I am a mechanical engineer trying to do an electrical experiment.
I wonder if anybody can help me with an advice.

Here is my experiment. I have a single rectangular metal plate to which I apply a known high negative voltage DC. Not sure yet what that voltage is going to be. Let's say 10kV. Next, I bombard the plate with negatively charged water droplets flying into the plate at 200 miles per hour. Here is my question. Will electrostatic force between the plate and the droplets be high enough to deflect the droplets away from the plate ? The droplet diameter is let's say 20 microns. I do not know yet its charge but I am pretty sure I will be able to vary it.

Is there any way to calculate the electrostatic force applied to the droplet as it approaches the plate ?

Thank you

 

[GRDixon]

Hi everybody.
I have a single rectangular metal plate to which I apply a known high negative voltage DC. Not sure yet what that voltage is going to be. Let's say 10kV. Next, I bombard the plate with negatively charged water droplets flying into the plate at 200 miles per hour. Here is my question. Will electrostatic force between the plate and the droplets be high enough to deflect the droplets away from the plate ? The droplet diameter is let's say 20 microns. I do not know yet its charge but I am pretty sure I will be able to vary it.
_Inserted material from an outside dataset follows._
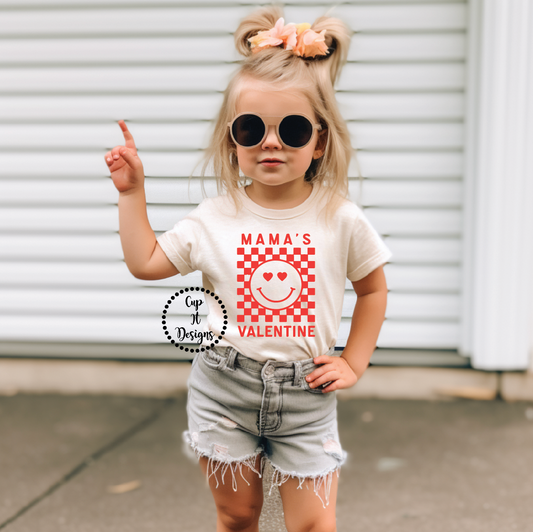 Mama’s Valentines Tee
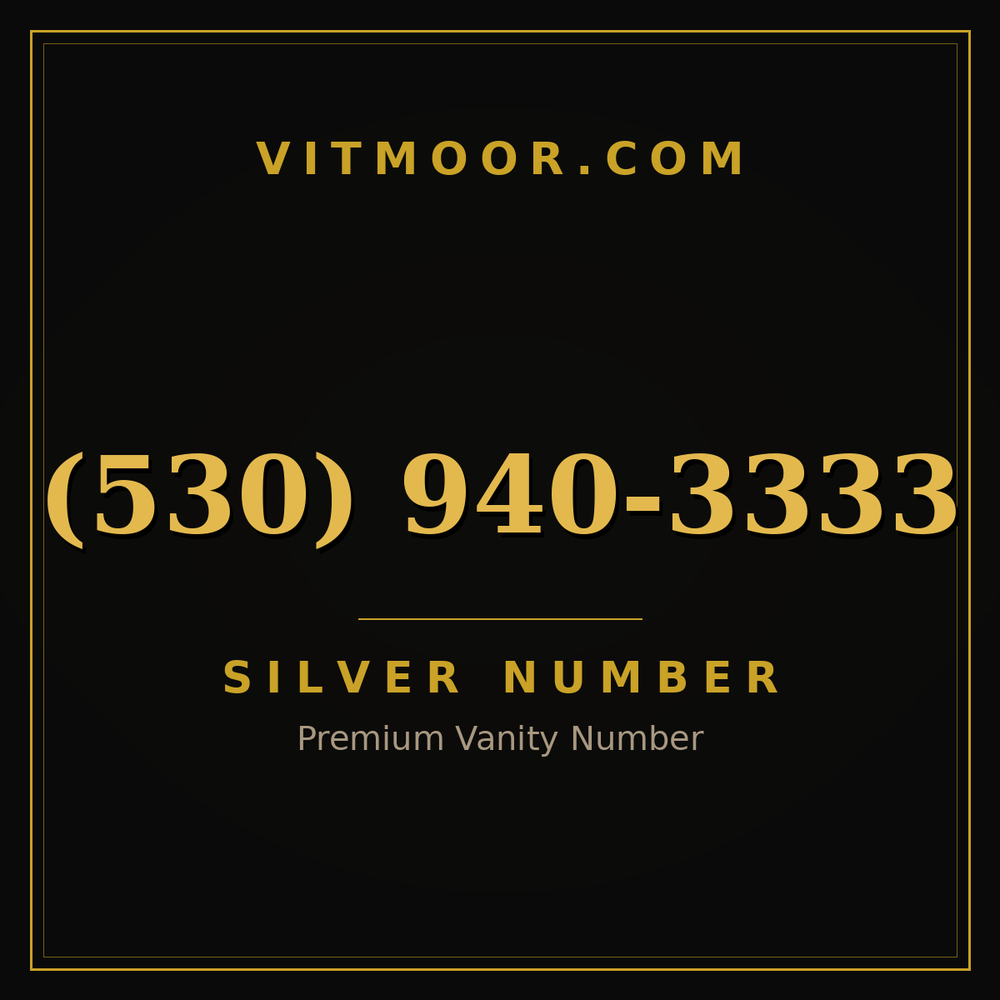 530 940-3333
Is there any way to calculate the electrostatic force applied to the droplet as it approaches the plate ?

Thank you

The electric force experienced by a droplet will just be the droplet's excess charge multiplied by the plate's electric field. The plate's electric field can be calculated from its voltage, provided your drop is coming into the middle of the plate's surface and you're not too far away from the plate. For the other information, such as your droplet's diameter, etc., and how they factor into the experiment, I suggest you Google (or read about) Millikan's oil drop experiment. You'll find useful formulas relating droplet diameter and drag, etc., there.

 

[pchama1]

The electric force experienced by a droplet will just be the droplet's excess charge multiplied by the plate's electric field. The plate's electric field can be calculated from its voltage, provided your drop is coming into the middle of the plate's surface and you're not too far away from the plate. For the other information, such as your droplet's diameter, etc., and how they factor into the experiment, I suggest you Google (or read about) Millikan's oil drop experiment. You'll find useful formulas relating droplet diameter and drag, etc., there.

Thank you GRDixon. In Millikan's experiment he used two plates parallel to each other. It is easy to calculate the electric field for two plates. But how to obtain an electric field for a single blade given the know voltage applied?

 

[GRDixon]

Thank you GRDixon. In Millikan's experiment he used two plates parallel to each other. It is easy to calculate the electric field for two plates. But how to obtain an electric field for a single blade given the know voltage applied?

What if a parallel plate capacitor were charged up using a battery, and the plates were then isolated from the battery terminals. As you state, you know how to calculate the electric field between the plates. Now remove one of the plates a large distance away. Would the electric field from the remaining plate be half of what it is with both plates in place? I'm not sure. In any case, in my first answer I assumed that the test charge was relatively insignificant, and wouldn't result in a buildup of opposite-sign charge on the single plate. If this assumption isn't good, you'd have to use the method of images to calculate the E field between the test charge and the plate. Sorry I can't be of more help. I did a cursory walkthrough of a couple of texts, and didn't find any discussion of the E field of a single plate, raised to a potential V.